En uno de ellos, en Nueva York, viendo actuar a Village People, se fijó en la estética de cuero, gorra, cadenas y mostacho, y procedió a adoptarla. Así, sin perder el tiempo con explicaciones, incrustó en el ‘mainstream’ el uniforme corporativo de la comunidad gay. Pago un precio en el país de Ronald Reagan: la MTV vetó el vídeo de ‘I want to break free’ y Queen acabó quedando allí fuera de juego. Hay que recordar que en los 80, mientras florecían sus macroconciertos en Europa, Australia, Sudamérica y Japón, la banda dejó de actuar en Estados Unidos, su gran agujero negro.
El género era él
En contraste con el instinto rockero de Brian May, Freddie era musicalmente promiscuo y no atendía a los rigores de las casillas estilísticas. Por eso se acusó a Queen de grupo chaquetero. Pero, cabalgando del hard rock a la música disco, de los homenajes al ‘bel canto’ al pop electrónico, a través del ‘revival’ del rockabilly y los himnos castrenses, la banda estableció un estilo y ahí él jugó un rol de gran brujo y catalizador de tendencias. Su exuberancia vocal, su coqueteo con el exceso, junto al toque de May y a una gramática compositiva que tendía al efectismo y al rococó con rara naturalidad, inyectaban a cada canción de Queen una identidad que iba más allá del género.
A diferencia de lo que la película, que lleva semanas de marcha triunfal en los cines, sugiere, el episodio de Mercury sin Queen (‘Mr. Bad Guy’, 1985) no fue un desafío a la banda. Al fin y al cabo, tanto May como Roger Taylor habían publicado antes discos a su nombre. No solo no se hundía el mundo, sino que sirvió para solidificar el pacto de sangre con sus colegas, con los que cerró filas ante el gran reto que se alzaba en el horizonte: gestionar su convivencia con los anticuerpos del sida.
Artista hasta el crepúsculo
Como en una tragedia griega, Mercury se encaró a su destino fatal dando un sentido último y extremo a los recodos más dramáticos de sus canciones. Convirtiendo incluso su ocaso en obra artística, como años después el Bowie de ‘Blackstar’: ahí estaban las divagaciones sobre “si hay alguna razón para vivir y morir” de ‘Innuendo’ y la épica funeraria de ‘The show must go on’, donde se masca la tragedia. Haciendo así trizas la imagen de estrellita frívola formulable a vuelapluma.
Cuando, el 24 de noviembre de 1991, Mercury nos dejó, la palabra sida ponía, más que ahora, los pelos de punta y al duelo se le restó algo de grandeza.

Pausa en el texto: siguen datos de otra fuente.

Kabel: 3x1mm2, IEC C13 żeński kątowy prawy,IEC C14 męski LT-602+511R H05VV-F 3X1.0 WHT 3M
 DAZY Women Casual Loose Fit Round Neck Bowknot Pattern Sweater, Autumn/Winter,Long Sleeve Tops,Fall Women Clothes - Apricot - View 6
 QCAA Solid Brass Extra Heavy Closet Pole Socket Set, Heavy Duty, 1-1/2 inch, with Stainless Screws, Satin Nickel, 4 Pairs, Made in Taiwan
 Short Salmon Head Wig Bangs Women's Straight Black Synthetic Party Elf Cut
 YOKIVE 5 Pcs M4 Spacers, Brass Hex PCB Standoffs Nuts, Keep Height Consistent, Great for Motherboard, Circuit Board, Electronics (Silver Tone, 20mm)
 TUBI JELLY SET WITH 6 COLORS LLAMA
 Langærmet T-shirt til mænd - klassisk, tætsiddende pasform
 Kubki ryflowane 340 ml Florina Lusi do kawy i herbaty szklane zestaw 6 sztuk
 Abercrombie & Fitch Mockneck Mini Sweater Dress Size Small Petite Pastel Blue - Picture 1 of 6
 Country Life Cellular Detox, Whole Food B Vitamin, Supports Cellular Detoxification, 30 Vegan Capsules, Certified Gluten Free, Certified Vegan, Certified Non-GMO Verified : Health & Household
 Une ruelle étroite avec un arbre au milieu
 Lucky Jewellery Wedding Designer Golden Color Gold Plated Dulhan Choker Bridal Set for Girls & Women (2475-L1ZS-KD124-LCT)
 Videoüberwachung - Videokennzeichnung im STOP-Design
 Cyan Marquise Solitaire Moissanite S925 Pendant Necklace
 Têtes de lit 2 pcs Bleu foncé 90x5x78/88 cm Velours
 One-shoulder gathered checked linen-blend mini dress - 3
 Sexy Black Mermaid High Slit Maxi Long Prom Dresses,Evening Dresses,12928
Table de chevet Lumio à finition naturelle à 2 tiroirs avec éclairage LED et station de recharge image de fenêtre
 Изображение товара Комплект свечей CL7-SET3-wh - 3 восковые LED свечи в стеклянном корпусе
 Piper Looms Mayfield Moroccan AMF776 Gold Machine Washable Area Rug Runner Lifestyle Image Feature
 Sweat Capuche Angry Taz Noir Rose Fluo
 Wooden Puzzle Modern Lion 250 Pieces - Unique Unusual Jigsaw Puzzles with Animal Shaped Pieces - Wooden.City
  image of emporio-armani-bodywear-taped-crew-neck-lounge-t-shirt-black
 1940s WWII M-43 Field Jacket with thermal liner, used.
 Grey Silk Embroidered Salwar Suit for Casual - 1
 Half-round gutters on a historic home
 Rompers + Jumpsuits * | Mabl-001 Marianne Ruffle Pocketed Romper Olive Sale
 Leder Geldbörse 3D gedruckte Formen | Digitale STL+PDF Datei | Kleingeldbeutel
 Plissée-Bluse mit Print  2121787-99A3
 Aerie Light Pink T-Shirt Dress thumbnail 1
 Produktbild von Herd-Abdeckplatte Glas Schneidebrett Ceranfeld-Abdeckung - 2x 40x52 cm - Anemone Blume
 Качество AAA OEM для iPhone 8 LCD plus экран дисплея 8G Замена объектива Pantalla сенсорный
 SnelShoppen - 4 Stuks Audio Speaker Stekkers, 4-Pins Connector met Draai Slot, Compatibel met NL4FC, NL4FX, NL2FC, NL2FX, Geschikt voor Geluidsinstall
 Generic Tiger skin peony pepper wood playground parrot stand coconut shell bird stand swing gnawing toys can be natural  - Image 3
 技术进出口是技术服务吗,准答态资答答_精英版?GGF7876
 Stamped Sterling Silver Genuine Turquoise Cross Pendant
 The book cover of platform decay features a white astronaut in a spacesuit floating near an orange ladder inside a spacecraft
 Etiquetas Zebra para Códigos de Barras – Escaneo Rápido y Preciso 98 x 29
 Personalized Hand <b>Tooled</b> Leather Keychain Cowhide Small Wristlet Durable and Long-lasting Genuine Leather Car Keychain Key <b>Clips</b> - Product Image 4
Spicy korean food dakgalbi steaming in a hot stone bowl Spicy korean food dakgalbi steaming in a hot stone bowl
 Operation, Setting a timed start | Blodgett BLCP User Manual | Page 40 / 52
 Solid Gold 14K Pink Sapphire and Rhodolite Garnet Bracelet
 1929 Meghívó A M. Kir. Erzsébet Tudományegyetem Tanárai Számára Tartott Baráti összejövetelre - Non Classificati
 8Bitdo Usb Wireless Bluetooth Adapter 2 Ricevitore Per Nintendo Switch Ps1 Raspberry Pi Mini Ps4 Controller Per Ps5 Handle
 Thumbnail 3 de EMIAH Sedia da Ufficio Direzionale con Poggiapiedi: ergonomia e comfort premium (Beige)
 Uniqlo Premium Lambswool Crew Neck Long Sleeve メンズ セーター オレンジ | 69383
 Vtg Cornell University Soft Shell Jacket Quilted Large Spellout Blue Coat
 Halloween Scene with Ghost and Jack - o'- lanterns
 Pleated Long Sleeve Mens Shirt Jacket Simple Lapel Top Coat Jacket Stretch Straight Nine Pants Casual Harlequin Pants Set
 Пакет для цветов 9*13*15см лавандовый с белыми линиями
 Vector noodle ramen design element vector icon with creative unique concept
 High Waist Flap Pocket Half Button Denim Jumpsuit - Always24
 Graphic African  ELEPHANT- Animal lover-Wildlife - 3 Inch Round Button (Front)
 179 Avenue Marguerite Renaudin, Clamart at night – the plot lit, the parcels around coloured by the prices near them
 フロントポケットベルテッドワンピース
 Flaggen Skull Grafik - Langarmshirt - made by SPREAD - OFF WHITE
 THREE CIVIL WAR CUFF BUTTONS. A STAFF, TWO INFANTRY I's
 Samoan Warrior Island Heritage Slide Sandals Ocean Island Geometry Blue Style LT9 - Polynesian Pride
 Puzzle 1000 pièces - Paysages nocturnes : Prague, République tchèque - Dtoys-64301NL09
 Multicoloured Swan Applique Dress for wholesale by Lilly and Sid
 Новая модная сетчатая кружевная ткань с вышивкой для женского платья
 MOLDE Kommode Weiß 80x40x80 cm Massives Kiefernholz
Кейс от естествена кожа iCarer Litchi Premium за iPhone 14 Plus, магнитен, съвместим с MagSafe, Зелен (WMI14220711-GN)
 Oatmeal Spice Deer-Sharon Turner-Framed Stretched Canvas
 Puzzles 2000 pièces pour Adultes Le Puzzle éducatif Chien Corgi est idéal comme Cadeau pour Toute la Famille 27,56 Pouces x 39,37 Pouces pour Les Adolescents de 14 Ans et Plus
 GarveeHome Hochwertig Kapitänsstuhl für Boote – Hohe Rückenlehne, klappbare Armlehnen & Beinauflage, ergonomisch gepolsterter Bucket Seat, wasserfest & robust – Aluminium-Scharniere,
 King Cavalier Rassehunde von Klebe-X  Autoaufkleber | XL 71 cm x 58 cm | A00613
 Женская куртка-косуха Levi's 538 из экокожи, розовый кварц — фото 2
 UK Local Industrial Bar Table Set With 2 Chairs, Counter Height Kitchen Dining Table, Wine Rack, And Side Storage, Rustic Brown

Como si las circunstancias trajeran mal fario o su fundido tuviera un trasfondo sórdido. Pero, desde entonces, su reflejo no hace más que agrandarse, poniendo a prueba aquella canción titulada ‘Who wants to live forever’ e insinuando que, desde algún lugar, Freddie Mercury sigue planeando cómo hacer agujeros en el cielo.